The machine experience behind Molly vs. the Machines is intentionally uncomfortable. It does not empathize. It does not console. It does not pretend to understand grief or emotion. Instead, it reveals structure, incentive, and consequence. It speaks with you, but never for you.

This distinction matters. When AI systems are portrayed as emotional entities, users are encouraged to trust, confide in, and defer to them. When AI is presented as what it truly is, a system built on data, incentives, and architecture, people retain agency.

In 2026, we will continue advocating for AI that is transparent about its nature. Machines should assist human thinking, not replace it. They should expose systems, not obscure them behind simulated empathy.

Search remains one of the most powerful interfaces between people and digital systems. In 2026, we will continue to bring AI capabilities into search by creating richer, more intuitive ways for shoppers to interact with catalogs.

This means expanding conversational search and discovery experiences that allow users to express their intent in natural language, even when they do not know what they are looking for. It also means designing interactions that guide rather than overwhelm, that offer alternatives rather than dead ends, and that turn low-results scenarios into meaningful exploration.

The goal is not to replace traditional search, but to augment it with layers of understanding, context, and dialogue that respect both the user and the underlying data.

4. Making systems explainable through MCP agents

Another key focus for 2026 is the continued development of Model Context Protocol (MCP) agents.

MCP agents allow natural-language conversation applications to connect directly with live analytics, configurations, and other tools and features. Instead of navigating complex insights dashboards or trying to understand and apply opaque business rules and configurations, teams can ask questions, explore outcomes, and understand cause and effect through dialogue.

This transforms analytics and search configuration into something explainable and interactive. Merchandisers gain clarity about why systems behave the way they do. Adjustments become intentional, traceable, and reversible.

In a landscape where systems must evolve quickly, MCP enables more efficient, loosely coupled connections between tools, features, and data sources. This architecture allows teams to adapt fast, swap or update LLMs, and iterate without heavy dependencies, all while remaining fully transparent to customers. MCP’s value lies behind the scenes, empowering change without exposing complexity.

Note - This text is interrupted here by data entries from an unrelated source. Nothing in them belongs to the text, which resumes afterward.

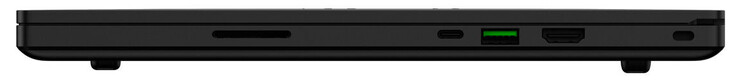 Lado derecho: Lector de tarjetas SD, un puerto Thunderbolt 3 (Tipo-C; DisplayPort y Power Delivery sobre USB-C), un puerto USB 3.2 Gen 2 Tipo-A, salida HDMI, ranura de seguridad Kensington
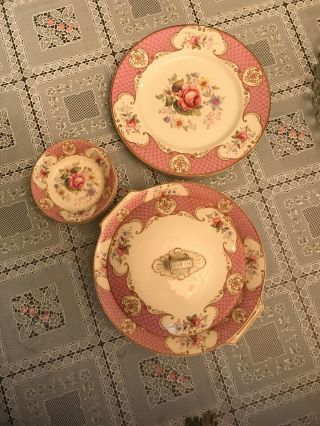 Myott Staffordshire Rose Pink 4 Plates 4 Bowls Casserole Dish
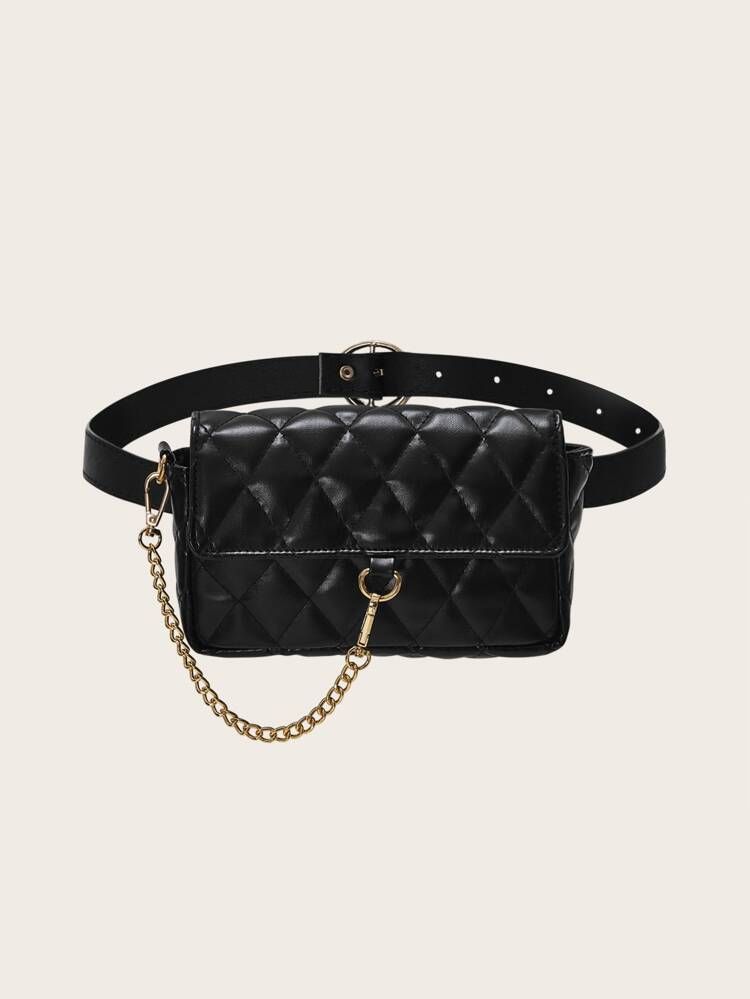 Chain Decor Quilted Fanny Pack | SHEIN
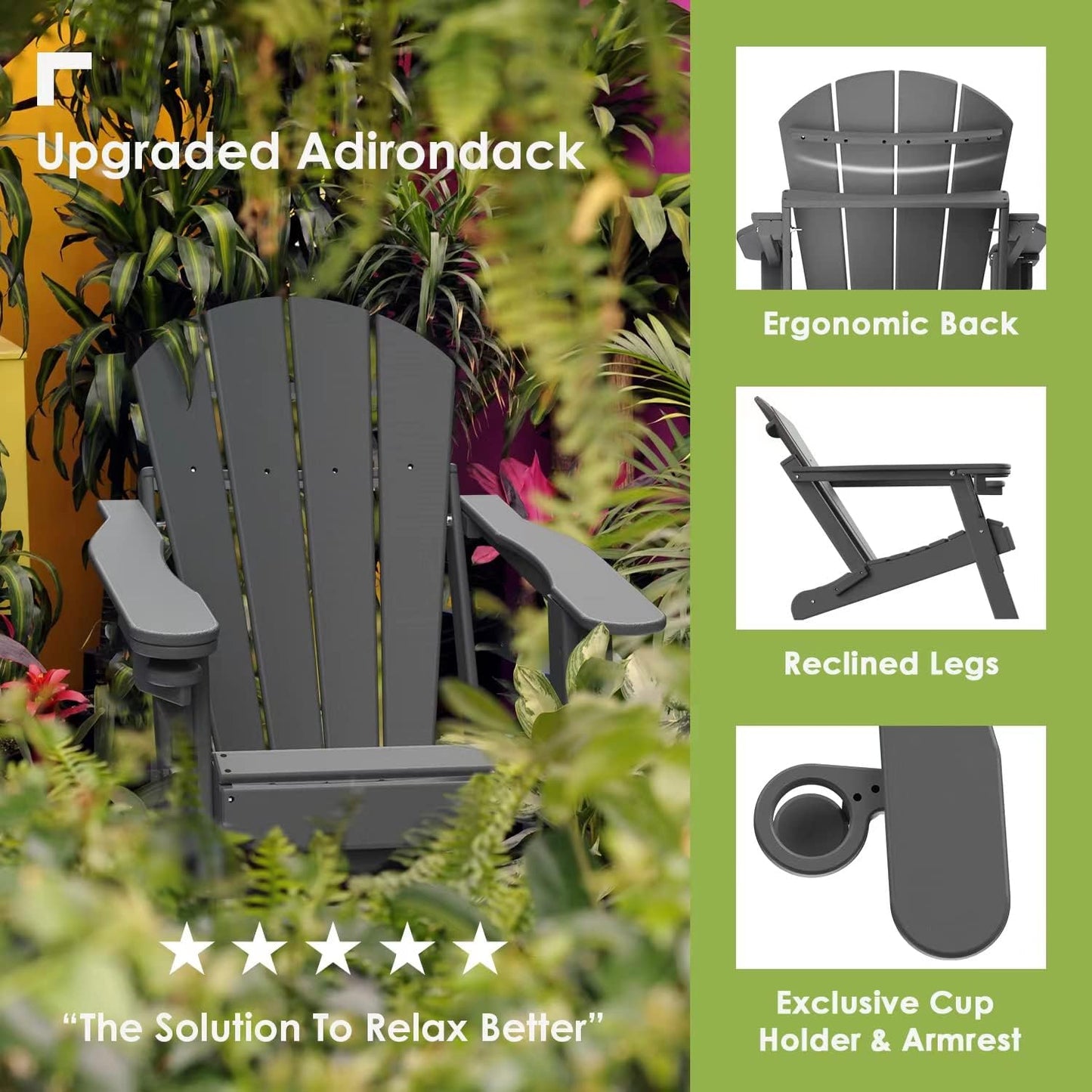 GREENVINES Folding-Adirondack-Chairs-Set-of-4 | HDPE Plastic | Fire Pit Chair | All Weather | Cup Holder | Grey | for Deck Backyard Patio Outdoor Garden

5. Making our own tools more intuitive and practical

Finally, in 2026, we will continue to simplify, clarify, and enhance our internal tools to better support human workflows.

Experiences like Empathy Platform Docs Search represent this direction. By applying generative understanding and semantic reasoning to documentation, EPDocs Search allows people to explore information through natural language, even when they do not know the exact terms or structure of the content.

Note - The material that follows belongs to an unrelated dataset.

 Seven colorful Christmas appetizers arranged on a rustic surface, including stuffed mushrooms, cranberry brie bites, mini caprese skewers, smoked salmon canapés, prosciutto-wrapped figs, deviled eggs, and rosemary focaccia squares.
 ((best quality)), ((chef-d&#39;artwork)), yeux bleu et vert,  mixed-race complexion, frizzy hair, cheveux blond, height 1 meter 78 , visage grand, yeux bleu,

This improves the information seeking experience for users, who can also receive contextual, grounded answers that reflect the actual documentation. This reduces friction, saves time, and lowers the cognitive burden associated with understanding complex product documentation.

Intuitive tools are not about hiding complexity. They are about revealing it gradually to make it accessible at the pace people need.

Looking Ahead

As we enter 2026, our direction is clear. We are not chasing scale at any cost, nor novelty for its own sake. We are building AI systems that are sovereign, private, sustainable, and transparent about their capabilities.

Next year will be about reinforcing these foundations, expanding responsibly, and continuing to show that AI can be powerful without being extractive, useful without being deceptive, and advanced without losing sight of human values.

This is not the fastest path. But it is the one we believe will endure.